Ne prenez pas plus de 10 secondes pour cette vérification. En cas de doute, ou si vous constatez une respiration anormale (lente, bruyante, agonique), considérez qu’elle ne respire pas. 


Si la victime est inconsciente et ne respire pas, c’est un arrêt cardiaque et donc une urgence vitale, il faut agir dans les 4 premières minutes.



Une victime d'arrêt cardiaque inconsciente à terre


Comment agir face à un arrêt cardiaque ?


La victime d’un arrêt cardiaque est en danger de mort immédiate.

 

3 actions sont essentielles à réaliser pour donner toutes les chances de survie à la victime en attendant l’arrivée des secours : Alerter, Masser et Défibriller le plus tôt possible.

Etape 1 : Alerter les secours


Plus tôt vous appelez les secours, plus tôt la victime sera prise en charge. Il faut composer le 18 pour les pompiers, ou le 15 pour le SAMU (ou encore le 112).

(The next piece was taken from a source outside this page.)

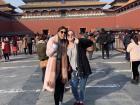 Here is the Forbidden City, a popular tourist destination in Beijing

Etape 2 : Réaliser un massage cardiaque


Le massage cardiaque permet de remplacer le travail du cœur de manière artificielle provisoirement afin de maintenir un flux sanguin et un apport d’oxygène dans le cerveau.

Etape 3 : Utiliser un défibrillateur le plus tôt possible


A partir du moment où les électrodes du défibrillateur sont posées sur la victime, le défibrillateur analyse l’activité électrique du cœur. 


S’il reconnaît la situation de fibrillation ventriculaire, alors le défibrillateur délivre un choc électrique qui a pour but de resynchroniser l’activité électrique du cœur pour lui permettre de rebattre à nouveau.


Il n’y a aucun risque à utiliser un défibrillateur. La plupart sont totalement automatiques et vous guident vocalement. Vous ne pouvez pas prendre de mauvaise décision, et si la personne respire, il ne délivrera pas de choc :-)


Retenez que face à un arrêt cardiaque, vous ne pouvez que sauver une vie en agissant avec des gestes simples et un défibrillateur.